All Blacks Don’t Cry. A Story of Hope.

21548684Autore: John Kirwan

Anno di pubblicazione: 2010

Editore: Penguin Group

Numero di pagine: 223

Costo: $42.00

 

Recensione a cura di Sara Caroppo

Successo, forza , coraggio…cosa sono?

Quello che traspare, leggendo le pagine dell’ultimo libro di John Kirwan, ex All Black e ora allenatore di rugby di fama mondiale, è un insieme di nuovi significati, che chi leggerà queste pagine si renderà conto essere frutto di un percorso personale, profondo e necessario, che ha permesso all’autore di risalire dagli abissi della depressione che l’ha colpito anni fa.

Per spiegarsi meglio.

Perché non iniziare a misurare il successo non in base a quello che otteniamo materialmente una volta raggiunti i nostri obiettivi, ma in base al numero di persone che ci stimano?

Perché non vedere il coraggio come una conquista quotidiana invece che immaginarlo come meta di azioni non ordinarie?

E infine…perché non definire la forza come l’accettazione di quelle che a primo impatto sembrerebbero delle debolezze?

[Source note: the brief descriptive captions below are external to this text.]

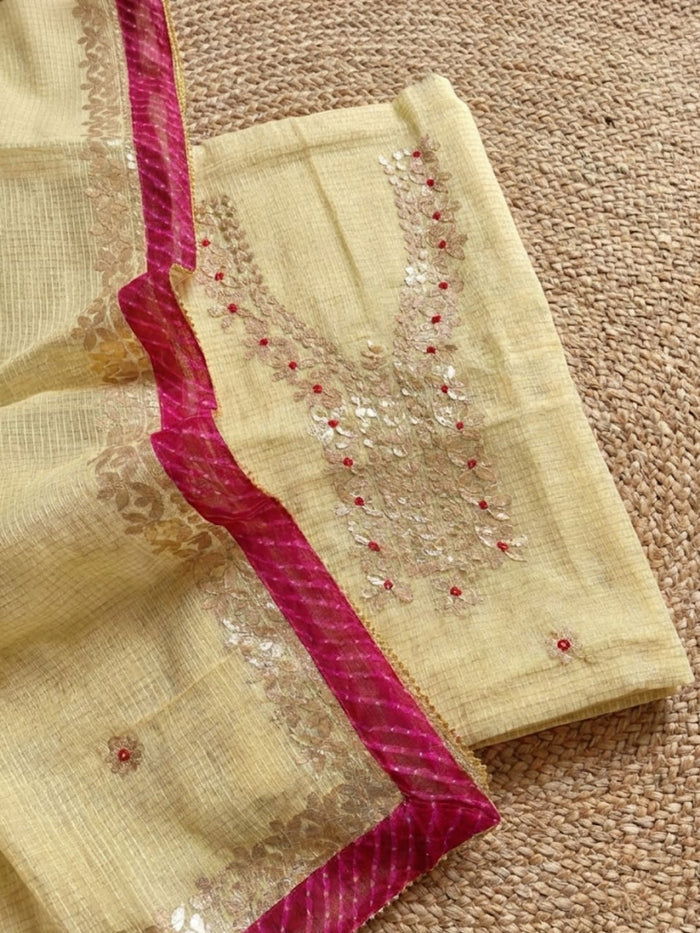Indiehaat | Kota Cotton Gota Patti Suit Material Beige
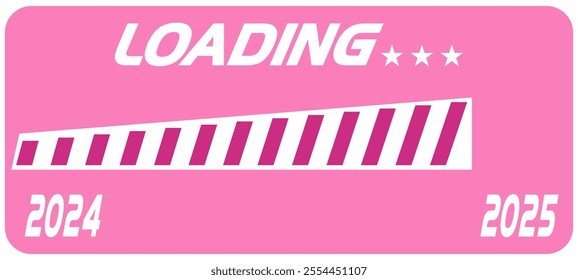 Loading 2025 New Year pink creative festive banner with progress bar. Vector background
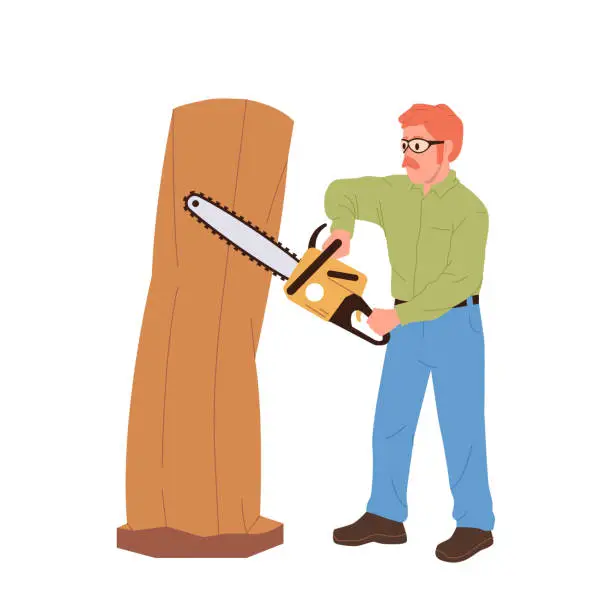 Vector illustration of Man sculptor cartoon character working with saw carving sculpture or statue from tree trunk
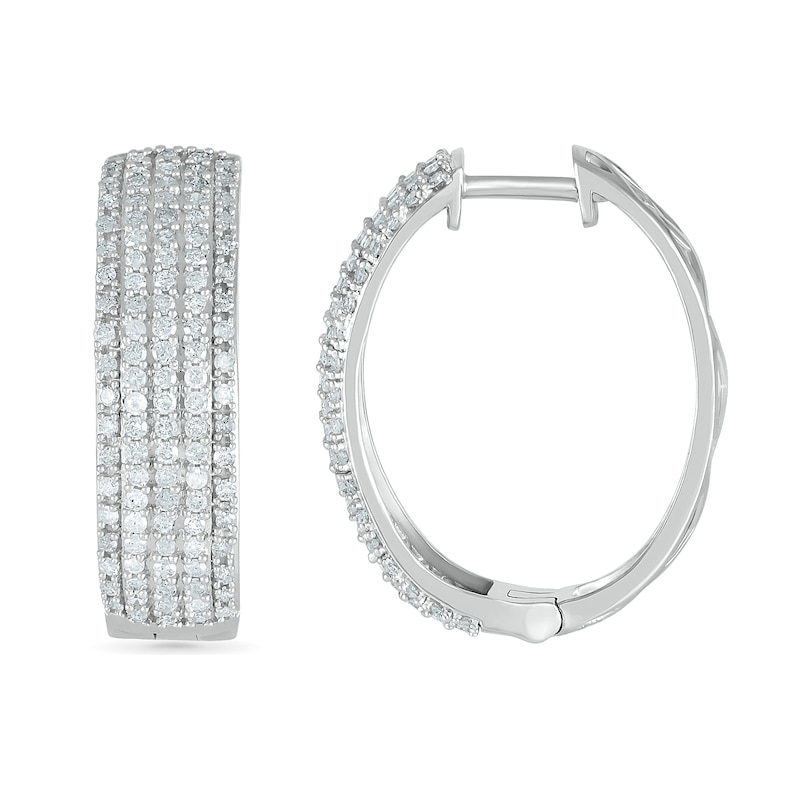 0.95 CT. T.W. Diamond Multi-Row Hoop Earrings in 10K White Gold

Darsi l’opportunità di cambiare il modo di vedere le cose, di vedersi per quello che si costruisce e si vive quotidianamente e premiarsi per questo, piuttosto che giudicarsi per quello che si sarebbe potuto fare e non si è fatto, sono le chiavi di accesso alla porta del benessere, del proprio equilibrio emotivo.
Un benessere inteso come viaggio continuo, di scoperta verso se stessi e riscoperta verso le piccole cose, che Kirwan racconta di aver intrapreso per combattere la sua depressione, che lo colpì proprio negli anni d’oro della sua carriera, quando tutti lo ritenevano un grande giocatore di successo e nessuno si sarebbe mai immaginato quante sofferenza e turbamento si nascondessero dietro quella maglia nera da guerriero.

Il libro è una testimonianza, un messaggio di speranza per coloro che soffrono di depressione (secondo le statistiche mondiali è una malattia che colpisce circa 121 milioni di persone) e non solo.
Il libro infatti è rivolto anche a tutti coloro che sono vittime inconsapevoli delle proprie preoccupazioni e incertezze, dello stress; della tendenza a voler guardare troppo indietro alla ricerca del perché di tutto quello che è stato nella loro vita, o al contrario,troppo avanti, alla frenetica ricerca di qualcosa in più da fare o da avere. Le persone che sono in continua “lotta contro il loro tempo” e che non fanno altro che negarsi la possibilità di vivere il presente.
Di vivere e viversi.

…di cosa è fatto il presente?

Delle piccole cose.
Di tanti singoli momenti che siamo troppo pre-occupati per considerare.
Di tanti singoli momenti che viviamo da così tanto tempo che ormai li diamo per scontati, dimenticandoci invece che una volta li abbiamo voluti proprio perché ci facevano star bene.
Perdiamo il significato di questi, perdiamo per strada la possibilità di stare meglio.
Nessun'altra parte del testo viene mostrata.